I used to live in New York City. I designed homes for the tycoons of Wall Street; Park Avenue, Scarsdale, Greenwich. It was great fun. And, after years of saving up for a down payment, I was just about to buy my own little place in Fleetwood, half an hour north of the city, when the economy fell apart. Architects are like canaries in a coal mine when the economy slows, and true to form, there were massive layoffs in firms all over the country. Devastation of the profession. So, I decided to try to find something else to do for a while. I bought a 23' school bus and I'm on the road to see if I can figure out what that might be.
Monday, February 1, 2010
A new thing
Leaving my home base here at Kathleen Johnson's Katrina Relief program in Poplarville, Ms. brings sadness. There are so many wonderfully hearted people here I will miss daily contact with. I must get on the road to Ms. Pearl's, but before I go and become overwhelmed by what ever lies ahead, I want to take time to mention just two.
I adore Kathleen and have told her many times. She's brash, opinionated, hard to keep on one subject, and brilliant on many. She has been truly generous to me, offering unlimited access to everything here. "Do what ever you want" she has said to any request I had for photos, computer use, use of an office, the refrigerator... While here, I prepared a series of plans and elevations for the construction of clusters of prefabricated MEMA cottages to be built on tall piles, above the flood plane. The clusters will share a common stair and common lift, and will have a common deck so that neighbors in a cluster, many of whom are elderly or disabled, can socialize and share burdens and resources. I told Kathleen that I will remain available and eager to help Bill and Julie rebuild their trailer park according to these plans.
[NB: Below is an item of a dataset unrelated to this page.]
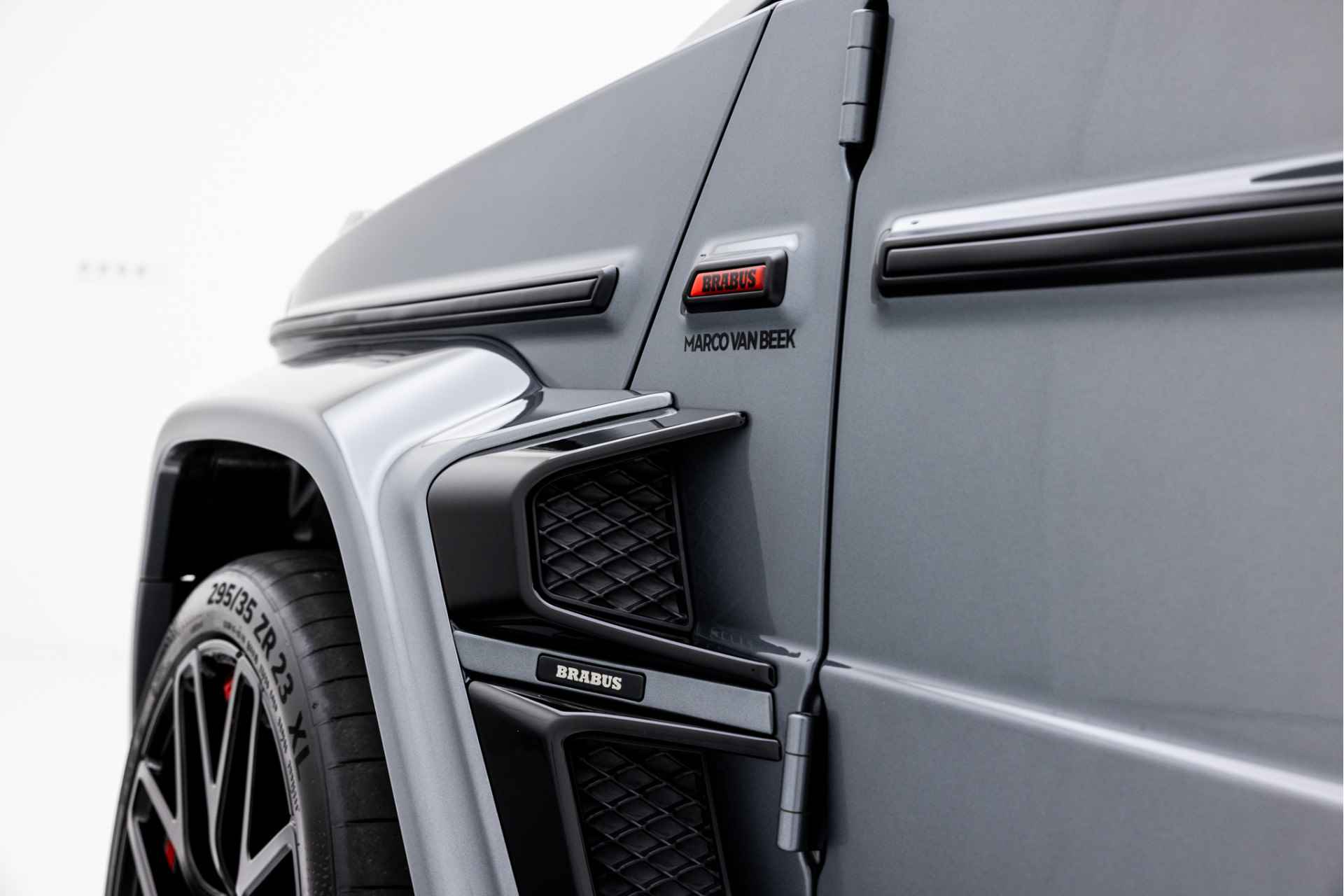 Mercedes-Benz G-Klasse G 63 AMG G700 Brabus Widestar | Carbon | Schuifdak | Massage | Uniek! - 44/65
Mike, a long term "transitional resident", had survived Katrina in his trailer home, but was flipped over 4 times by the wind. He escaped an survived by climbing out his front door which was then directly above him. Not wanting to be blown away by the wind, he dove into a nearby pond and crouched down to leave just his head exposed above the water. It worked. Mike, a native of Kentucky, lost everything, except his half ownership of a some property. Mike had previously, 1992, lost his wife in a freak accidental explosion of his paining business warehouse. Soon, Mike's health declined, and he spiraled down, survived Katrina, and was eventually taken in here by Kathleen. Mike has a heavy southern accent, a booming baritone voice, and is a terrific story teller with great detail, pace, and absolute frankness and sincerity about everything. Though I can't imagine a person from a background more different than mine, I love Mike, and so I was delighted to fulfill as best I could his request for a sketch of a water wagon for his church group.